Exercise goal: Output the line containing "AXUS RF 433MHz" and each line after it through the end of the data, exactly as written, with pictures left out.

Items from a data source:
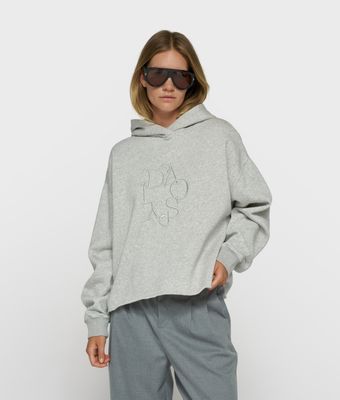 10 Days statement hoodie curly 10 light grey melee 20-821-6204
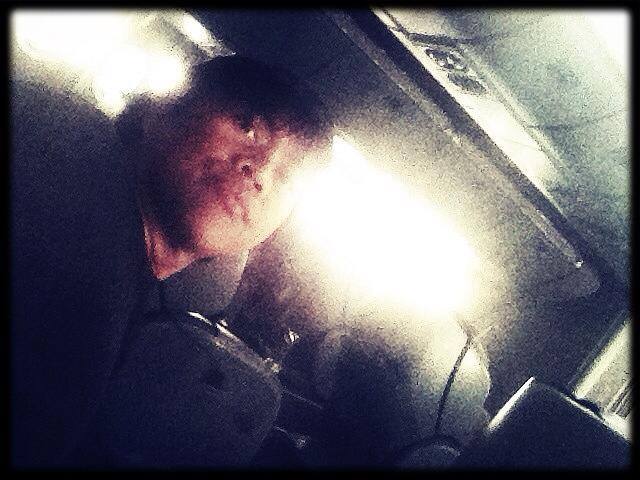 Tuhon Raf on the set of Non-Stop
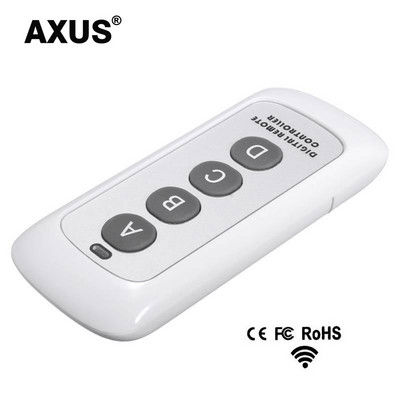 AXUS RF 433MHz ukse kaugjuhtimispult universaalne 4 võtmega garaaži kaugjuhtimispult Kloonimine elektrivärava kaugjuhtimispuldi paljundusvõti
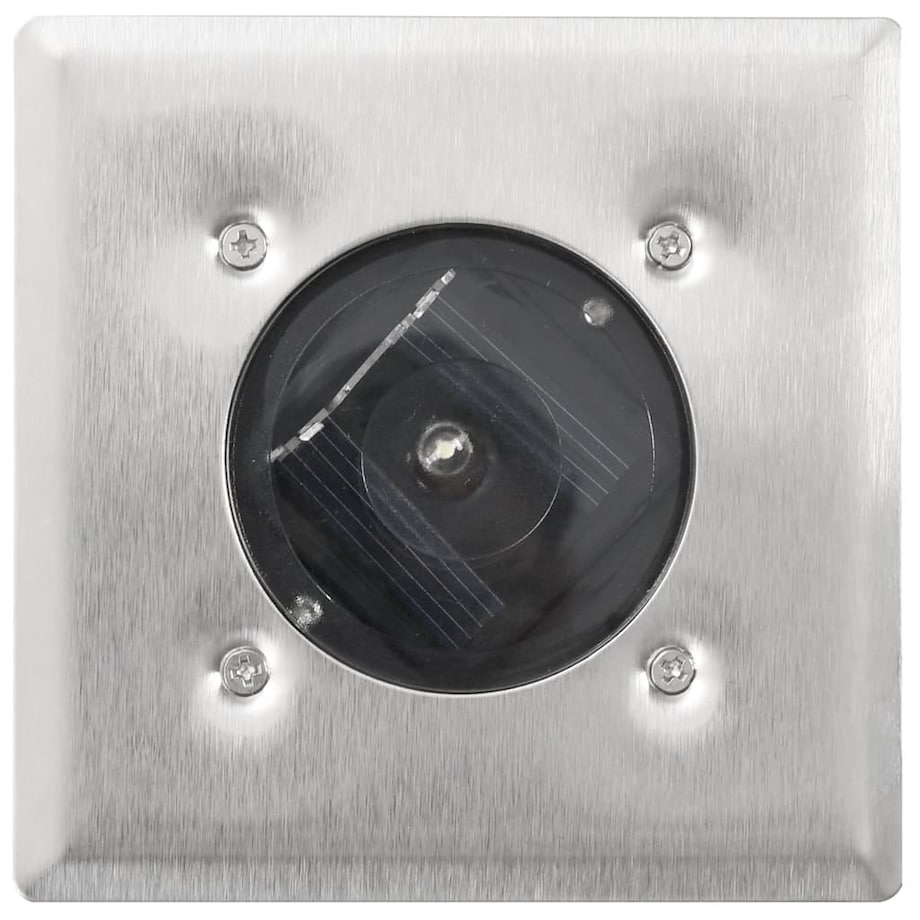 vidaXL Solarne lampy najazdowe, 6 szt., kwadratowe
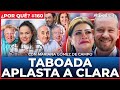 SANTIAGO TABOADA le GANA a CLARA BRUGADA el PRIMER DEBATE por la CDMX y pone a TEMBLAR a SHEINBAUM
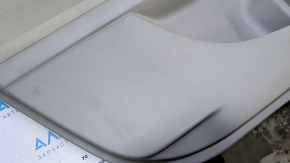 Door trim card rear left Toyota Prius V 12-17 beige with beb insert cloth, armrest beige cloth, scuffs, scratches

Your response:
 AXUS RF 433MHz ukse kaugjuhtimispult universaalne 4 võtmega garaaži kaugjuhtimispult Kloonimine elektrivärava kaugjuhtimispuldi paljundusvõti
 vidaXL Solarne lampy najazdowe, 6 szt., kwadratowe
 SANTIAGO TABOADA le GANA a CLARA BRUGADA el PRIMER DEBATE por la CDMX y pone a TEMBLAR a SHEINBAUM
 Door trim card rear left Toyota Prius V 12-17 beige with beb insert cloth, armrest beige cloth, scuffs, scratches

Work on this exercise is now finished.